Cependant la réussite artistique d’Invasion planète X cache une réalité bien plus tragique, pour son principal interprète. Proche ami d’Elvis Presley, et de James Dean avec qui il tourna La fureur de vivre et Géant, et rôle principal du feuilleton The Rebel entre 1959 et 1961, Nick Adams fut considéré comme un talent prometteur d’Hollywood, au point de décrocher une nomination à l’oscar du meilleur second rôle pour son interprétation dans Le motel du crime de Boris Sagal en 1963. Ce rendez vous manqué avec la reconnaissance professionnelle l’obligera à jouer dans des séries B, jusqu’à ce que la Toho et le producteur Henry G. Saperstein lui offrent l’un des premiers rôles de Frankenstein conquiert le monde. Cette variation « Kaiju Eiga » calamiteuse de la créature imaginée par Mary Shelley permet cependant au comédien de retrouver la joie de tourner au Japon. C’est sur le plateau de ce long-métrage qu’il fait la connaissance de Kumi Mizuno. Tombé sous le charme de l’actrice qu’il retrouvera dans Invasion planète X et The Killing Bottle en 1967, Adams entama des procédures de divorce à l’encontre de son épouse Carol Nugent. Mizuno, déjà fiancée refusa de le suivre. De retour aux USA, démoralisé, le comédien enchaîna encore quelques rôles. Le 7 février 1968, on retrouva son corps dans sa villa de Bervely Hills. Victime d’une overdose, on ne sut jamais les causes exactes (accident, suicide).

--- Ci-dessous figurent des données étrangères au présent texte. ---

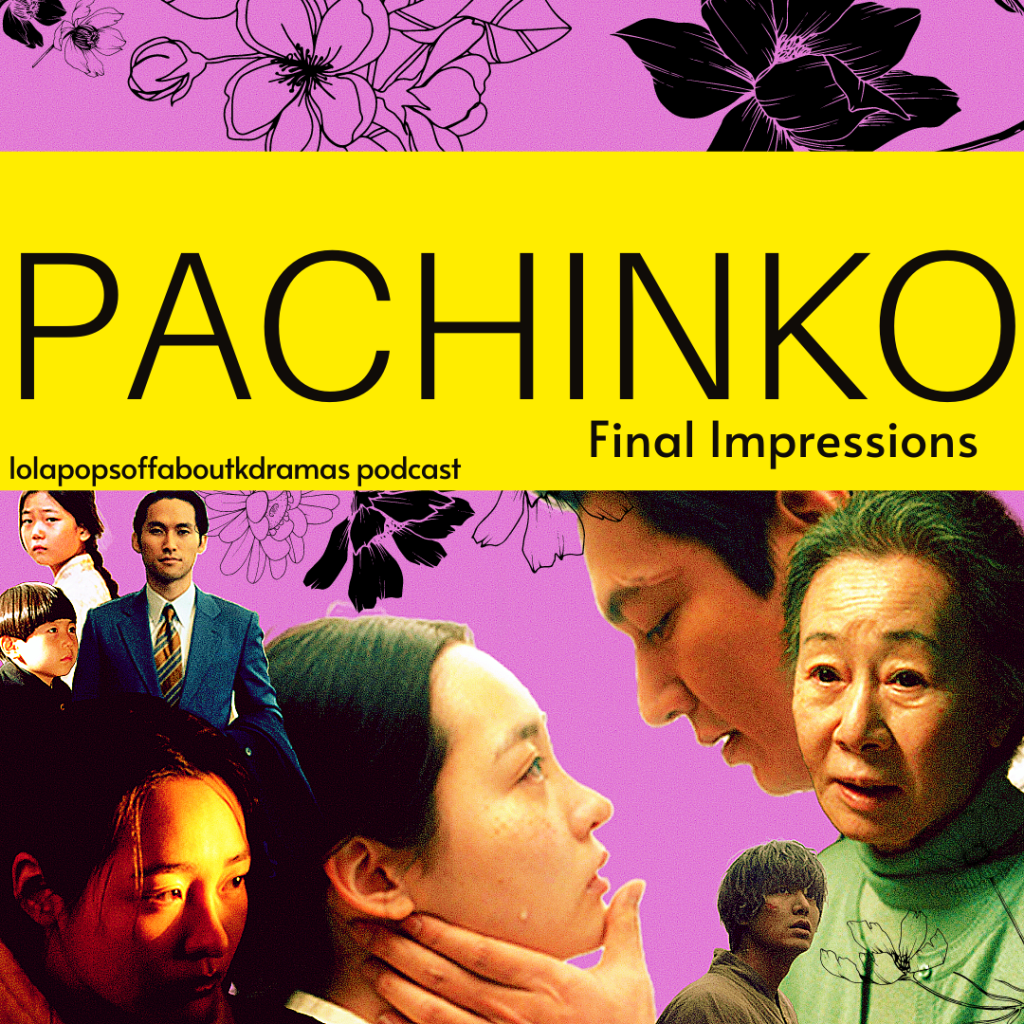 Pachinko Season 1 Final&nbsp;Impressions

invasion-planete-x-5Malgré le temps qui passe, Invasion planète X conserve encore aujourd’hui un charme incroyable. La qualité artistique de sa réalisation et son attachant casting en font un objet hybride fascinant, représentant le meilleur de l’époque au cours de laquelle il fut tourné, les « 60’s ». Un épisode charnière de la saga, à réévaluer et redécouvrir, tant il représente un certain idéal de l’imaginaire au cinéma.

FICHE FILM
 
Synopsis

Les habitants de la planète X demandent les services de deux monstres, Godzilla et Rodan, pour tuer un autre monstre qui menace leur existence.